Some of the more prominent news outlets, including MSNBC in a large way, have begun to dedicate correspondants to blogs. Science, Art&Culture, Politics, News, and Pop Culture blogs have all found a home on MSNBC.com staffed by a good swath of intelligent folks. Several of these have made it onto my daily read list, if not my weekly one.

As time goes on, and I become more familiar with the content of a score of blogs, I have begun to frequent some of them to stayon top of certain issues. I have a blog i read about Israel, Iraq, Science, Pop Culture, Art, a blog about other blogs, and of course my friends’ blogs. These are the things that i make sure to read everday while I am surfing the net.

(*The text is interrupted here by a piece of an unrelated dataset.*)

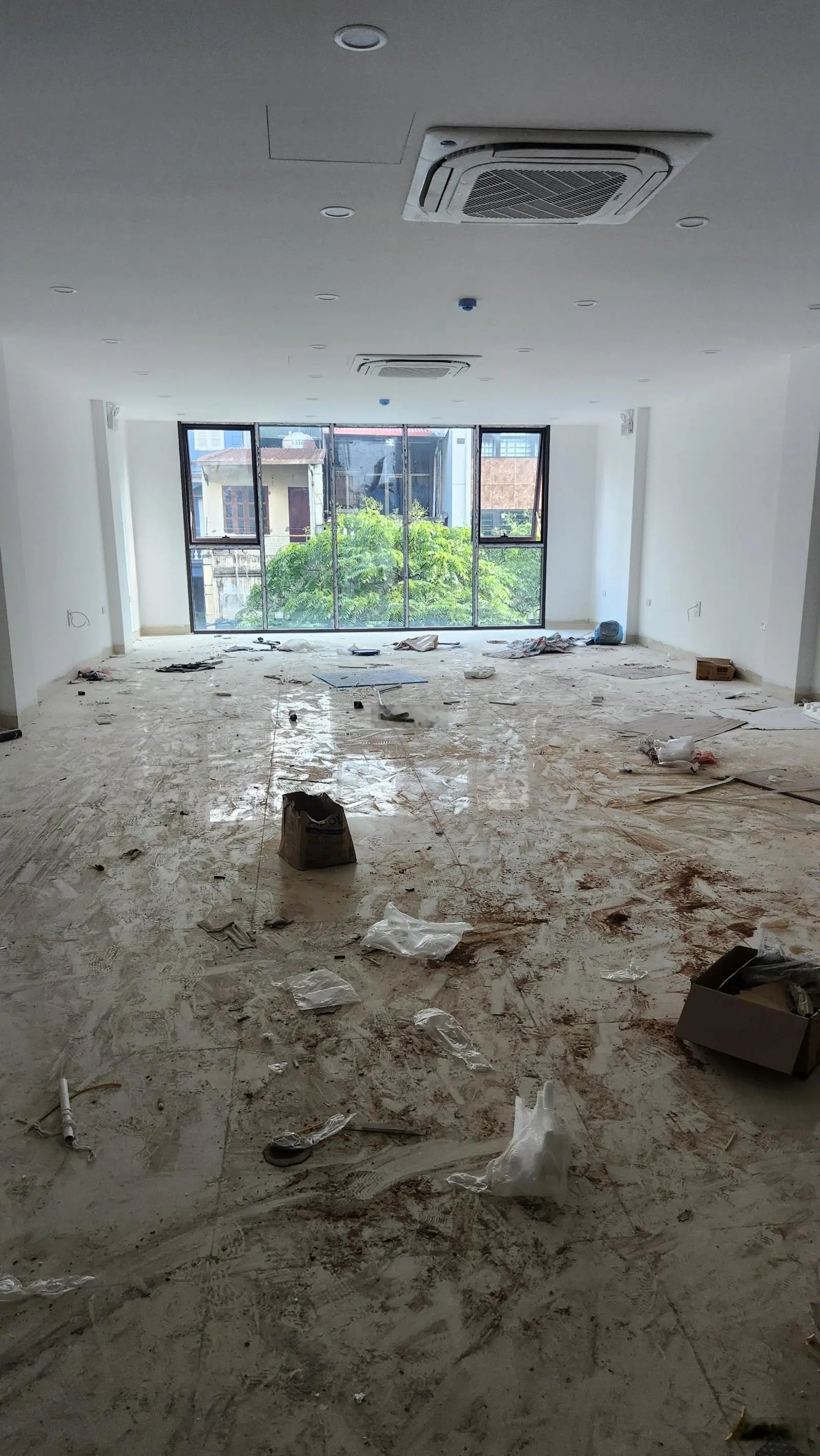 Bán tòa văn phòng 9 tầng, 56 tỷ, mặt tiền 6.2m, sổ đỏ 110m2, nhà mới xây, cho thuê 120 triệu/th.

I feel a lot better about becoming more informed via blogs, than i do about randomly surfing and finding dead-end links to stuff i really want to learn about. This daily encounter, and continual converstaion between blogs and bloggers is really beginning to change the way that people, online at least, are gauging the credibility and importance of issues.

Popdex.com, not only lists the top 50 sites linked to the most every single day, but the top 100 sites most linked to of all time. A simple scan down this list indicates who is being seen and linked. In the blogosphere spots on the popdex list are like the Gold Standard for credibility. Even if people don’t agree with what has been posted, the thought is that at least its being read, and in a big way.

The future of blogging is already here.

Beyond the text and pictures of most blogs, the frontier pioneers of blogging are hacking their trial trough the uncharted lands of audio and video blogging. Sending voice and video files to blogs from anywhere in the world their PDA’s have wireless access, these select few may be the precursor to where our increasingly electronically connected world is heading. Some leading electro-social theorists have conjectected several things possible in this interconnected world -- mass demonstrations organized by blog via PDA’s and cellphones, up-to-the-second news updates from any place occupied by anyone around the world, flash mobs, instant access to your favorite pundits... anywhere in the world.

Some of these things are already happening, in the U.K., Japan and even here in the U.S. The thing to decide is what are we going to do about it. Blogs are here to stay and there’s nothing that going to stop the phenomnen. Blogging is becoming more and more apart of many people’s daily lives. This is another tool that can be used to spread truth and reach out to people outside of our normal sphere of influence. I stay in contact with people in other states and countries through my blog, and there’s no lack of interaction on issues of faith. Even if its just to chronical your days, or to take a step towrad reaching out to people on faith, there’s no better time to blog than now.